Nominated by Robin Palmer
Length of Service:
40+ hours per month for 40 years
March 25, 2013
Every single day, now 95-year-old Maj. Melvin McLaughlin makes the short drive from his Randolph home to his local hospital, Gifford Medical Center, to lend more than a helping hand; he lends a helping heart. Pushing a walker, Major visits every hospital unit and Gifford's adjoining nursing home to offer patients and staff alike love, a listening ear and the sincerest of thanks. Whether at a patient or staff member's side, male or female, stranger or friend, Major - as most know him - breaks the ice with a catch phrase. "Has anyone told you today that they love you?" If the answer is no, Major is ready with his reply: "Well, God loves you and so do I." Staff members are also treated to the most heartfelt thanks for the job they do and somewhere in this sharing of love, there is almost always a hug between the kind-hearted Major and those lucky enough to step in his path.
Major's volunteerism at Gifford began more than four decades ago. Major retired from 25 years with the U.S. Marines in 1967 at age 49 and moved to Vermont, where his beloved wife had spent childhood summers on a family farm. Major's first order of business was to put down roots in his new community. He built the home he still lives in today and a second one for one of his daughters. He cut every board and nailed every nail alone. With the homes complete, Major turned to his local hospital as another way to engrain himself in his new community. He started by delivering the local paper to patient rooms each Thursday. Later, he took patients food orders on a clipboard.
Several years ago, his visits became far more frequent. He put down the meal order clipboard and began making general rounds to the Emergency Department, medical office building, Birthing Center, inpatient rooms and the Menig Extended Care Facility nursing home, where his own wife would spend the last year of her life. Florence McLaughlin was the love of Major's life. During their 66 years of marriage, Major would ask his "bride," as he always called her, the question he now poses to all he meets at the hospital. "Has anyone told you today that they love you?" "No, no one but you, and you're the only one I wanted to hear it from," the beautiful Florence would answer. Florence's death didn't stop Major's seven-day-a-week visits to Gifford and Menig or stop him from sharing the words that meant so much to his wife. Even with his personal loss, he still loves spending time in the nursing home and takes the greatest pleasure in seeing a newly born baby in the Birthing Center. "I'm the luckiest man walking the streets of Randolph," he often says.
"Gifford is home," he's told us on more than one occasion. In fact, he told the same to a local television station that featured Major's unique story. See the heart-warming story at http://www.wcax.com/story/16958439/super-seniors. "I have so many friends here, from the top to the bottom. And I emphasize the bottom because I like to tell those people 'thank you for what you do, because without your labors this place would not stand.'"

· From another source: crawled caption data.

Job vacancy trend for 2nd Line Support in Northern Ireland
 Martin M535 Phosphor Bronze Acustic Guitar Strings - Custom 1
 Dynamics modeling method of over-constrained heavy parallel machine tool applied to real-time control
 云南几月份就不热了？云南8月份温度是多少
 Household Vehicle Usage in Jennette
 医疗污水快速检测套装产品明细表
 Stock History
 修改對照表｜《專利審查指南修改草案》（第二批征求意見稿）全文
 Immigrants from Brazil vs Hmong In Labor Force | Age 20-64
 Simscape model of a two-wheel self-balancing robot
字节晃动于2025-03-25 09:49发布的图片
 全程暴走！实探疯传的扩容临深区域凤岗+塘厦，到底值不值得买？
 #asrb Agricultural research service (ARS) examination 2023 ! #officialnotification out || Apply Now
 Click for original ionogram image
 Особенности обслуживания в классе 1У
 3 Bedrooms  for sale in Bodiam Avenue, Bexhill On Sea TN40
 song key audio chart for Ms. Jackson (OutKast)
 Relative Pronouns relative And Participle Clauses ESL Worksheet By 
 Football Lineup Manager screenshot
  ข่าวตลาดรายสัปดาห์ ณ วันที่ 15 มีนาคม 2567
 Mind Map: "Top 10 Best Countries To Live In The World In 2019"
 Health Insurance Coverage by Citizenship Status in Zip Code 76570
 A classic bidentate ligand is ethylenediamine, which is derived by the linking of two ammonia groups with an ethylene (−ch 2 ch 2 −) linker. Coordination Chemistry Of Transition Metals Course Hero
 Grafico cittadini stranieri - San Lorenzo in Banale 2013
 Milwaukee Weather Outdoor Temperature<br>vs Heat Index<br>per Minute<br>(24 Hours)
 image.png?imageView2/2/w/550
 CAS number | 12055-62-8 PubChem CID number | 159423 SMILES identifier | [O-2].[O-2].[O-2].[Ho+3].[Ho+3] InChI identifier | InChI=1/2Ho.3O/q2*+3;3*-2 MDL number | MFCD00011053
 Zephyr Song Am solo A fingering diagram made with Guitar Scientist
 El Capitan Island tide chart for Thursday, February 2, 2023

We at Gifford love Major. He is a brilliant and beautiful light in the day. As one nurse put it, "A day without Major is a day without sunshine." He is the personification of what we are as an organization - warm, compassionate, supportive, humbled and blessed to be able to care for others. Introduce a new staff member, patient or nursing home resident to Major and we have just told them everything they need to know about us. We care. We're family. We're here for you. This is the type of individual who walks our halls. This is our benchmark for love. For his boundless selflessness, remarkable strength of character and length of commitment, we can't imagine an individual more deserving of this service award than our amazing, treasured friend Major.